First the "broken" original version (w
, h
are in %esi
, %edi
):
movl %esi, %eax
imull %edi, %eax # ok, calculate the product w*h
leal 12(,%eax,8), %eax # multiply by 8 (sizeof(Slot)) and add
# 12 as an offset. Looks good because
# 12 = sizeof(Board) - sizeof(Slot)...
movzwl %ax, %ebp # just use 16bit because my size_t for
# realmode is "unsigned short"
movl %ebp, (%esp)
calll malloc
Now, to me, this looks good, but my malloc()
sees 12, as mentioned. The workaround with the loop compiles to the following assembly:
movl %edi, %ecx
imull %esi, %ecx # ok, w*h again.
leal -1(%ecx), %edx # edx = ecx-1? loop-end condition?
movw $20, %ax # sizeof(Board)
testl %edx, %edx # I guess that sets just some flags in
# order to check whether (w*h-1) is <= 0?
jle .LBB0_5
leal 65548(,%ecx,8), %eax # This seems to be the loop body
# condensed to a single instruction.
# 65548 = 65536 (0x10000) + 12. So
# there is our offset of 12 again (for
# 16bit). The rest is the same ...
.LBB0_5:
movzwl %ax, %ebp # use bottom 16 bits
movl %ebp, (%esp)
calll malloc
As described before, this second variant works as expected. My question after all this long text is as simple as ... WHY? Is there something special about realmode I'm missing here?

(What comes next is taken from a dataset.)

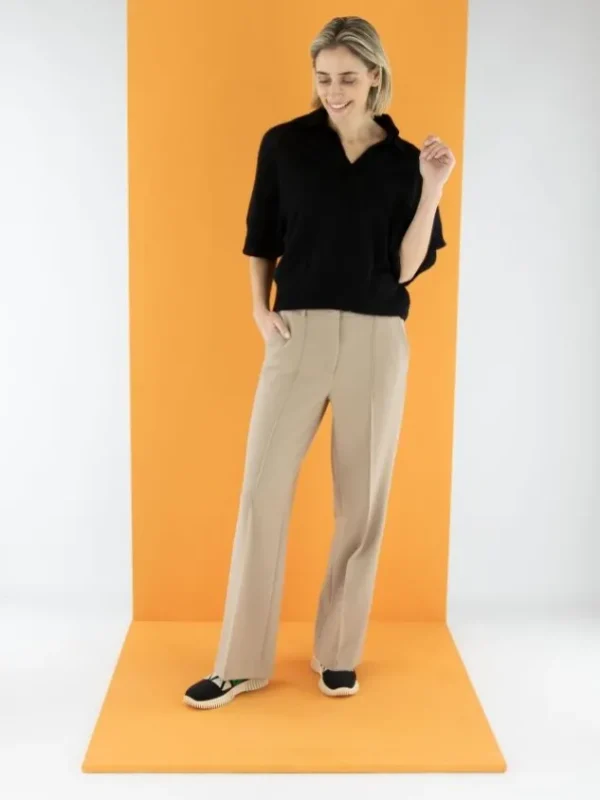Cambio trousers 6316-0246-00 AMELIE Taupe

For reference: this commit contains both code versions. Just type make -f libdos.mk
for a version with the workaround (crashing later). To compile the code leading to the bug, remove the -DDOSREAL
from the CFLAGS
in libdos.mk
first.
Update: given the comments, I tried to debug this myself a bit deeper. Using dosbox' debugger is somewhat cumbersome, but I finally got it to break at the position of this bug. So, the following assembly code intended by clang
:
movl %esi, %eax
imull %edi, %eax
leal 12(,%eax,8), %eax
movzwl %ax, %ebp
movl %ebp, (%esp)
calll malloc
ends up as this (note intel syntax used by dosbox' disassembler):
0193:2839 6689F0 mov eax,esi
0193:283C 660FAFC7 imul eax,edi
0193:2840 668D060C00 lea eax,[000C] ds:[000C]=0000F000
0193:2845 660FB7E8 movzx ebp,ax
0193:2849 6766892C24 mov [esp],ebp ss:[FFB2]=00007B5C
0193:284E 66E8401D0000 call 4594 ($+1d40)
I think this lea
instruction looks suspicious, and indeed, after it, the wrong value is in ax
. So, I tried to feed the same assembly source to the GNU assembler, using .code16
with the following result (disassembly by objdump
, I think it is not entirely correct because it might misinterpret the size prefix bytes):
00000000 <.text>:
0: 66 89 f0 mov %si,%ax
3: 66 0f af c7 imul %di,%ax
7: 67 66 8d 04 lea (%si),%ax
b: c5 0c 00 lds (%eax,%eax,1),%ecx
e: 00 00 add %al,(%eax)
10: 66 0f b7 e8 movzww %ax,%bp
14: 67 66 89 2c mov %bp,(%si)
The only difference is this lea
instruction. Here it starts with 67
meaning "address is 32bit" in 16bit real mode. My guess is, this is actually needed because lea
is meant to operate on addresses and just "abused" by the optimizer to do data calculation here. Are my assumptions correct? If so, could this be a bug in clang
s internal assembler for -m16
? Maybe someone can explain where this 668D060C00
emitted by clang
comes from and what may be the meaning? 66
means "data is 32bit" and 8D
probably is the opcode itself --- but what about the rest?